Steven Yeun Sets the Screen on Fire in Burning
Playing the outsider in working-class Korea
By Richard Whittaker, Fri., Nov. 9, 2018
The journey to making a film about your homeland can be long. In the case of Steven Yeun and Korean mystery Burning, it was intercontinental. He was actually in London, tossing and turning at 3am with a bad case of jet lag, when he got an unexpected phone call from Korean director Bong Joon-ho, with whom he had worked on 2017's Okja. Yeun recalled, "He said, 'Director Lee Chang-dong wants to see you, because he thinks you might be perfect for this role.' I went, 'What?' So confused, because [Lee's] one of my heroes." By sheer coincidence, Yeun was booked on a flight to Korea the very next morning for a three-day trip. Once there, he met every day with Chang-dong (director of critically lauded works like Peppermint Candy and Poetry) for a couple of hours. "When he had me read the script, I loved it, because I haven't been given the opportunity so far to explore a character like that, that gets to tell his tale himself over time."
Astoundingly for one of the most impactful and influential film industries on the planet, South Korea has never had a film even nominated for a Best Foreign Language Oscar. This year, the Asian nation hopes that Burning, which is its offical selection for Academy consideration, will change that. Adapted from the short story "Barn Burning" by the Japanese author Haruki Murakami (itself inspired by William Faulkner's 1939 short story of the same name), Burning is a story of three characters who are a mystery to each other: Jong-su (Yoo Ah-in), a twentysomething drifting through life in provincial Korea; Hae-mi (Jeon Jong-Seo), a woman from his past who suddenly reappears; and Yeun as Ben, a suave, smart young businessman who seems far too cool to be hanging out with either of these two aimless young dreamers.
Yeun is often described as Korean-American, but like many migrants his experience goes beyond a simple tag. Born in Seoul to Korean parents, his family lived in Canada before moving to the U.S. "That's part of why director Lee cast me," said Yeun. "Part of the Americana that I have in me lends itself to a more cosmopolitan portrayal of Ben."
It's one of the subtle contradictions of being a migrant, to be from somewhere, but to no longer be of that place.
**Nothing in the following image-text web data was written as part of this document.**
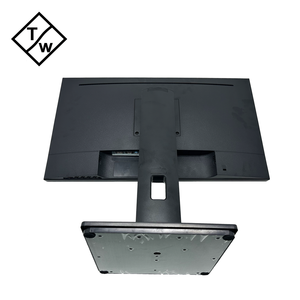 TOPWILLING 27 Inch IPS LED LCD <strong>Monitor</strong> New Desktop <strong>Computer</strong> <strong>Monitor</strong> with DP Interface for Home &amp; Office Use - Product Image 6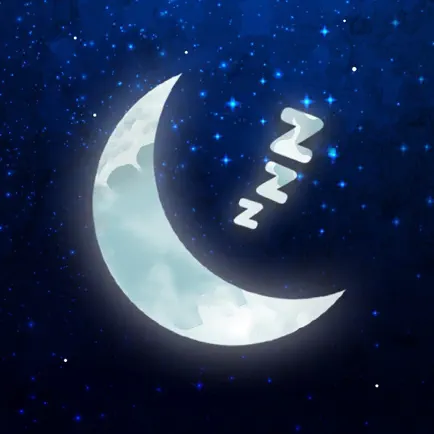 Sound Machine Sleep Sounds Читы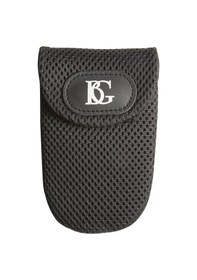 Resim Bg Pml Trombon/tuba Ağızlık Kılıfı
While Yeun speaks Korean fluently, he admits to not being "a particularly great reader of Korean." When it came to the script, he had someone record it conversationally, "and then I'd literally write the meaning of every single thing specifically to what I was saying, so that I would understand it at that level, and then I had to deconstruct it so that I could say it naturally coming from my mouth, and not like the recorded version."
The end result is that Korean audiences have told him that "Ben speaks the best Korean" – best as in most correct, most formal, and precise – "while the other two speak more colloquial, vernacular Korean."
For Yeun, it's all part of the subtle flattening of the world. Burning is filled with subtle nuances for Korean audiences (like locating the story in Paju, a remote city right on the border between South and North Korea), yet those same Korean audiences knew him already from his groundbreaking run as Glenn in The Walking Dead. Similarly, his day-to-day experience while shooting was more global than local. "I was staying at a Hyatt at the top of Itaewon. Yeah, it's very Korean, but I can get my omelette and hash browns in the morning. ... It was a change for me, because I'm used to going there and experiencing working-class Korean life."